Seit Ende der 1980er Jahre experimentiert Wurm nicht nur mit sich selbst (die Fotos, auf denen er mit Bleistiften in der Nase und in den Ohren, mit einem Radiergummi im Mund, mit vergrößerten Linsen auf den Augen oder mit einer Banane zwischen den Beinen posiert, sind wohlbekannt), sondern auch mit dem Publikum. Doch Besucher werden nicht für 15 Minuten zu Prominenten, wie es Andy Warhol einst erdachte, sondern für eine Minute zu einer Skulptur. Jeder und alles kann Kunst sein, wie es der deutsche Künstler Joseph Beuys erklärte. Und Wurm scheint von dieser Vorstellung angetrieben zu sein. Doch seine bizarre, manchmal sarkastische Art, Trivialität in Kunst zu verwandeln, offenbart auch den Humor dieser Idee. Ist eine Person mit einem Eimer auf den Schultern oder mit dem Kopf in einem Hundehäuschen Kunst?
Das Thema von Wurms Schöpfungen ist die Trivialität, und die Art und Weise, wie er sich damit auseinandersetzt, ist Humor. „Ich denke, dass Wahrheiten über die Gesellschaft und das menschliche Dasein auf verschiedene Weise ausgedrückt werden können. Ein Mensch kann nicht immer todernst sein. Sarkasmus und Humor können uns helfen, die Dinge in rosigeren Farben zu sehen“, erklärt Wurm, der Humor als Waffe gegen die Missstände der Gesellschaft betrachtet – wie etwa die Gier der Vorstadthäuslebauer. Deshalb fertigt er obskure Modelle von seinen Idolen, von Autos und Häusern, die fettleibigen menschlichen Körpern ähneln und die kriechende Bedrohung der westlichen Zivilisation darstellen. „Fat Car“, dessen Scheinwerfer nicht mehr funktionieren, weil sie mit fetten Kissen bedeckt sind, oder „Fat House“, dessen Wände so aufgebläht sind, dass sie kaum noch unter das Dach passen, und manchmal auch menschliche Figuren, die in rollende Bälle verwandelt werden.

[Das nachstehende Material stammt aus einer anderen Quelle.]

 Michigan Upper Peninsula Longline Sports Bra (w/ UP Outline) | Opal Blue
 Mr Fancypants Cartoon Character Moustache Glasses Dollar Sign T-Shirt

Wurm wurde 2003 bekannt, als die Musikgruppe Red Hot Chili Peppers von seinen „One Minute Sculptures“ inspiriert wurde. 2006 sorgte er für erheblichen Aufruhr, als er ein echtes Familienhaus auf das Dach eines Museums im Wiener MuseumsQuartier montierte, jedoch mit dem Boden nach oben. Und das ist keine Kunst?